無題 第3部 2


(2)
「あの…さ、加賀」
「何だよ、早く言えよ。」
赤くなってもじもじしているヒカルを見て、加賀にはヒカルが何の相談をしたいのかは
すぐに分かったのだけれど、ヒカルのその様子があまりにウブで可愛いので、にやにや
しながら、ヒカルの言葉を促した。
「うん、でも…」
はっきりしないヒカルにいい加減呆れてきて、答を促した。
「で?誰なんだ?」
え?と加賀を見上げるヒカルに、
「だから誰なんだ?好きなヤツができたんだろ?」
幼なじみのあかりちゃんか?そう続けようとした加賀を打ち消すように、ヒカルが言った。
「…男なんだ。
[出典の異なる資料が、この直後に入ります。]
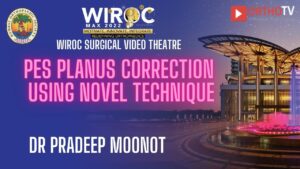 Pes Planus correction using novel technique Dr Pradeep Moonot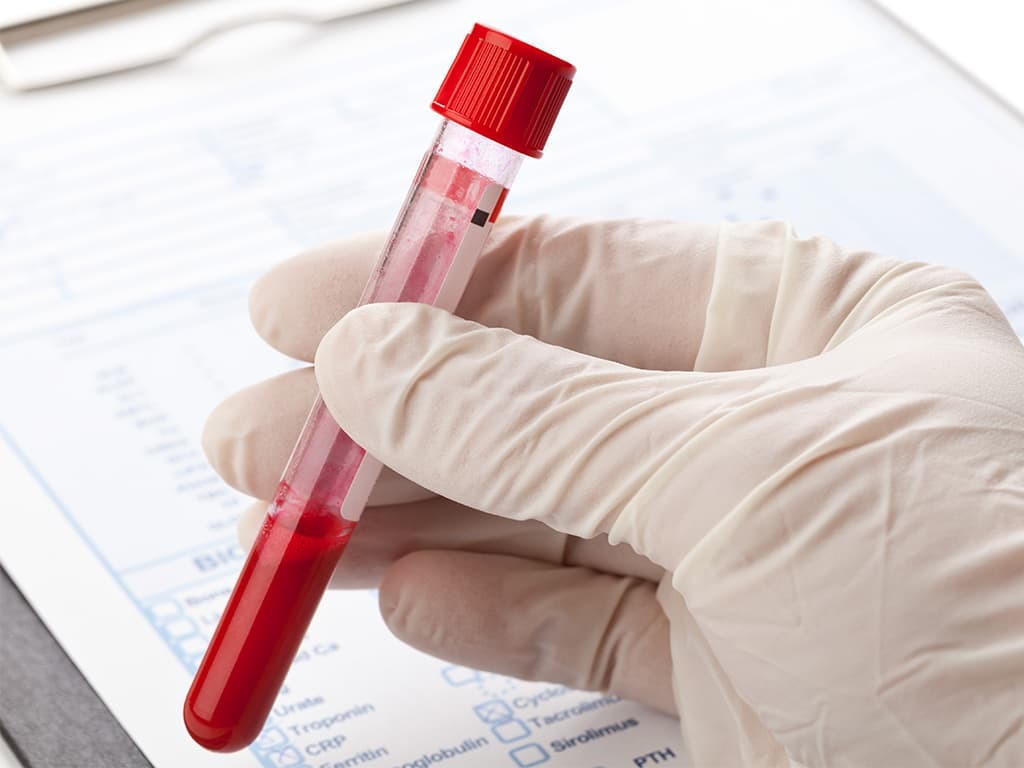 ALS blood tests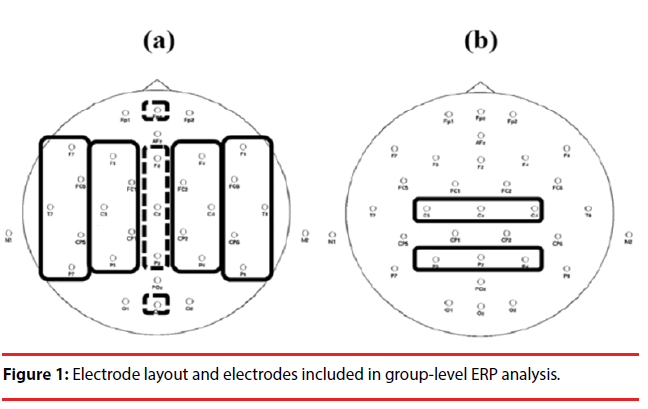 neuropsychiatry-Electrode-layout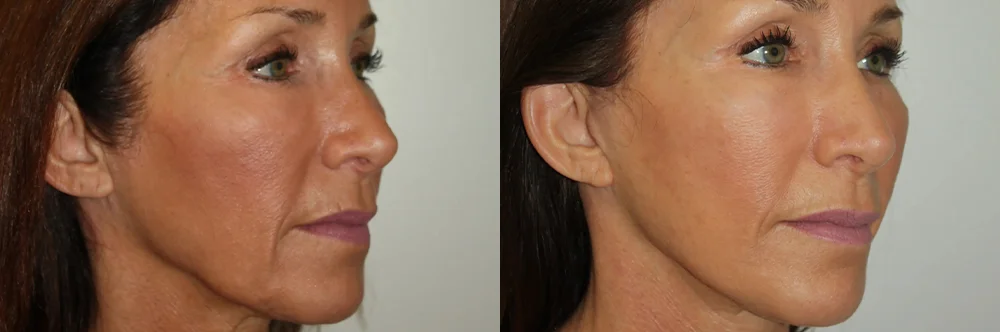 Real patient results in Newport Beach, CA Performed by Boris M. Ackerman MD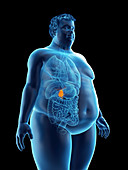 Illustration of an obese man's gallbladder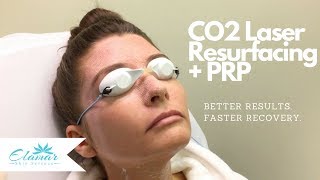 CO2 Laser Skin Resurfacing  PRP  Better Results and Faster Recovery [upl. by Llekcm183]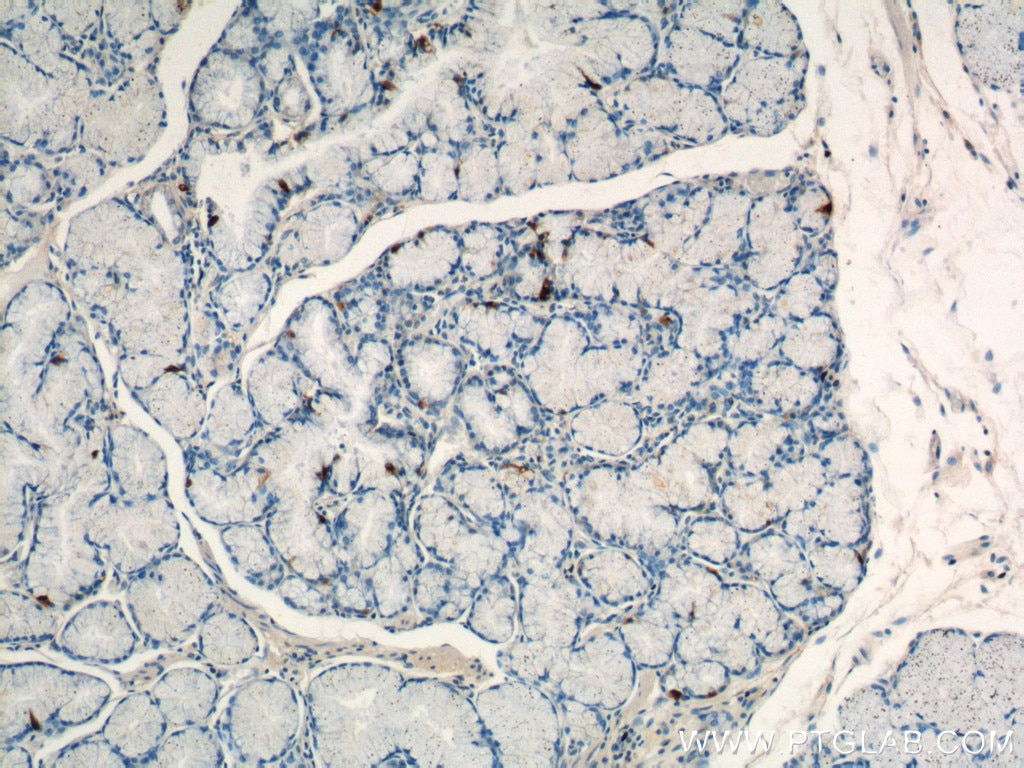 IHC staining of human stomach using 18143-1-AP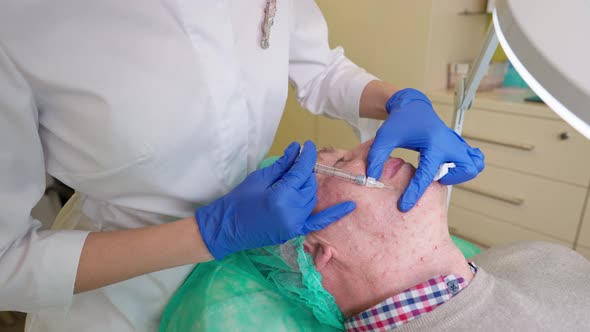 Midle Aged Man Getting Biorevitalization Lifting Procedure in Cosmetology Clinic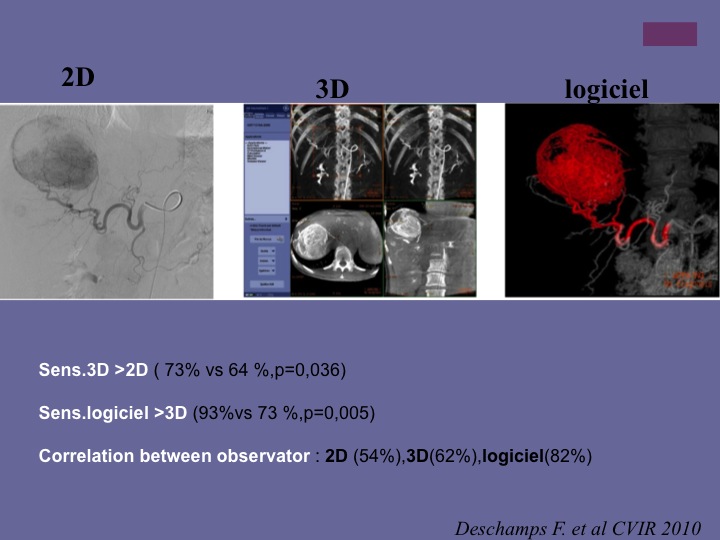 Vascular oncology emergencies managementHemorrhage in oncologic interventional radiology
」
思いがけないヒカルの告白に加賀はお茶を吹き出しそうになった。
だが幸い、ヒカルはそんな加賀の様子には気付かずに続けた。
「男なんだけど、オレ、ソイツの事、すごい好きになっちゃって、
なんか、いっつもソイツの事ばっか考えちゃって、なんかもう、考えただけで
ドキドキしちゃって、オレ、どうしたら良い…?」

なんでわざわざそういう事をオレに相談して来るんだ。
オレならわかるだろう、とでも言いたいのか?
いや、そんな複雑な事を考えるようなヤツじゃない、コイツは。